Ces consignes s’appliquent uniquement dans le ressort de la direction de la sécurité de proximité de l’agglomération parisienne (DSPAP), c’est-à-dire à Paris, dans les Hauts-de-Seine, dans le Val-de-Marne et en Seine-Saint-Denis. À l’époque, la décision du préfet Lallement est applaudie par les syndicats de police. Elle répond à une demande de la corporation policière, alors que le débat sur les « refus d’obtempérer » commence à se tendre. (...)
Depuis un an, plusieurs accidents graves sont survenus en France lors de courses-poursuites avec la police. En avril 2023, trois adolescents ont été sérieusement blessés à Paris au terme de l’une d’entre elles, qui a duré à peine deux minutes.

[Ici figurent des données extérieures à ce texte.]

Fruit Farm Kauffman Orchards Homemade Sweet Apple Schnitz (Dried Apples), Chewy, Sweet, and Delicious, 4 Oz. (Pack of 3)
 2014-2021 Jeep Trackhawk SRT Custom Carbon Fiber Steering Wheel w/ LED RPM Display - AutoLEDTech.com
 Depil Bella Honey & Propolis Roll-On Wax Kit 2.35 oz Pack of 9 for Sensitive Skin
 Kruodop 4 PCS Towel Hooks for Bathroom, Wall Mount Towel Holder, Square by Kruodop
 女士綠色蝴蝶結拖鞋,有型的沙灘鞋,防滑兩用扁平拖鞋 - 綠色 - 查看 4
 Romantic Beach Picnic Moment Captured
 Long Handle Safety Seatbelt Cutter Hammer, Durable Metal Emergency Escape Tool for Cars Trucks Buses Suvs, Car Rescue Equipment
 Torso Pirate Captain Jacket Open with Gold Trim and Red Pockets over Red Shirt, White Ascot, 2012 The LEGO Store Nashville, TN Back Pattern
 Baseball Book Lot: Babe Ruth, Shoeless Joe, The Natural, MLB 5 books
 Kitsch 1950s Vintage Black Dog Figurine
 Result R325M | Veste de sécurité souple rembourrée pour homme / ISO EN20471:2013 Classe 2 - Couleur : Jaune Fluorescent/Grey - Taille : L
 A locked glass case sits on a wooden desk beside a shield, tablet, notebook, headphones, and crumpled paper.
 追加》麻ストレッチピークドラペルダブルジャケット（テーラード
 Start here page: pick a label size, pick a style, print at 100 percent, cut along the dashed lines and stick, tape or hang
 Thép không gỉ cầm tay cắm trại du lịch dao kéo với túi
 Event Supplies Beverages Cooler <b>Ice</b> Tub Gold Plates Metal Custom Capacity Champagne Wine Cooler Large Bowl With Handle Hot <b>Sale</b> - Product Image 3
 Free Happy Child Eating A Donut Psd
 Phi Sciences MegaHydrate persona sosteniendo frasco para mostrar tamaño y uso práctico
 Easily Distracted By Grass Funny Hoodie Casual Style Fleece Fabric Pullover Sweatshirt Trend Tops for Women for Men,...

Le policier qui conduisait le véhicule a été mis en examen pour « violences » et « faux en écriture publique ». Sept témoins oculaires ont attesté d’un choc entre sa voiture et le scooter, alors que l’agent avait d’abord nié tout contact. Alors que leur station directrice leur demandait de « cesser la chasse ou passer immédiatement sur [la fréquence radio dédiée] », les policiers n’ont fait ni l’un ni l’autre. Devant les enquêteurs, tous trois ont affirmé ne pas connaître les consignes préfectorales sur les refus d’obtempérer.
En août, deux jeunes à scooter sont morts après avoir percuté un véhicule en essayant d’échapper à un contrôle de police à Limoges. En décembre, deux adolescents de 17 ans sont morts à Chelles (Seine-et-Marne) quand leur scooter a glissé sur une chaussée humide. Ils étaient poursuivis par des policiers après avoir grillé un feu rouge et refusé de s’arrêter. Une semaine plus tard, un homme de 22 ans, en possession d’une petite quantité de stupéfiants, est décédé dans des circonstances similaires à Marseille.